WHAT YOU NEED TO DO:
Search the listing below for the word "with" and copy each line that holds it.

SUPPLIED DATA:
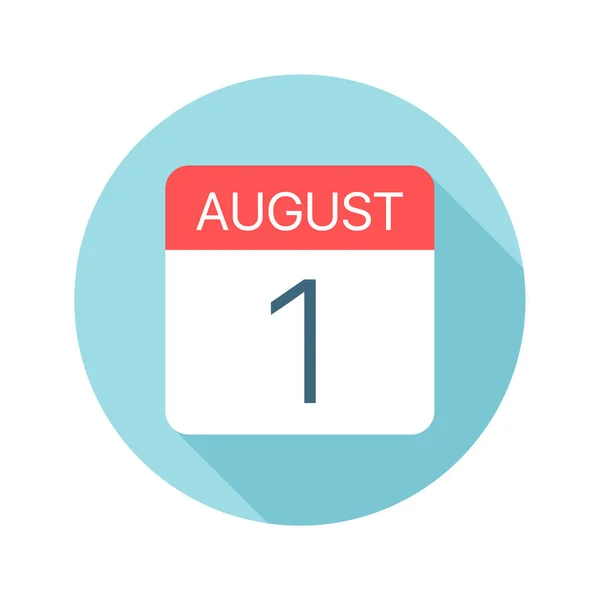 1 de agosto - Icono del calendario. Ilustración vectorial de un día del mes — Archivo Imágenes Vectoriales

---

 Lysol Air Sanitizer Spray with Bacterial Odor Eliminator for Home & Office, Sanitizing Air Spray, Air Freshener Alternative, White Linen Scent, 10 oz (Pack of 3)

--

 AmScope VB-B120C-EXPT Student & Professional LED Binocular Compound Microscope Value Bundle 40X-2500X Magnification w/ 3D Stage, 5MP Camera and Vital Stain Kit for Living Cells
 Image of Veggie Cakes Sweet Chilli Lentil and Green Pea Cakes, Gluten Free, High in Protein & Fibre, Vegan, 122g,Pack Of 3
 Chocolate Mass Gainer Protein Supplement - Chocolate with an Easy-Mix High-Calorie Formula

OUTPUT FOR THIS EXERCISE:
 Lysol Air Sanitizer Spray with Bacterial Odor Eliminator for Home & Office, Sanitizing Air Spray, Air Freshener Alternative, White Linen Scent, 10 oz (Pack of 3)
 Chocolate Mass Gainer Protein Supplement - Chocolate with an Easy-Mix High-Calorie Formula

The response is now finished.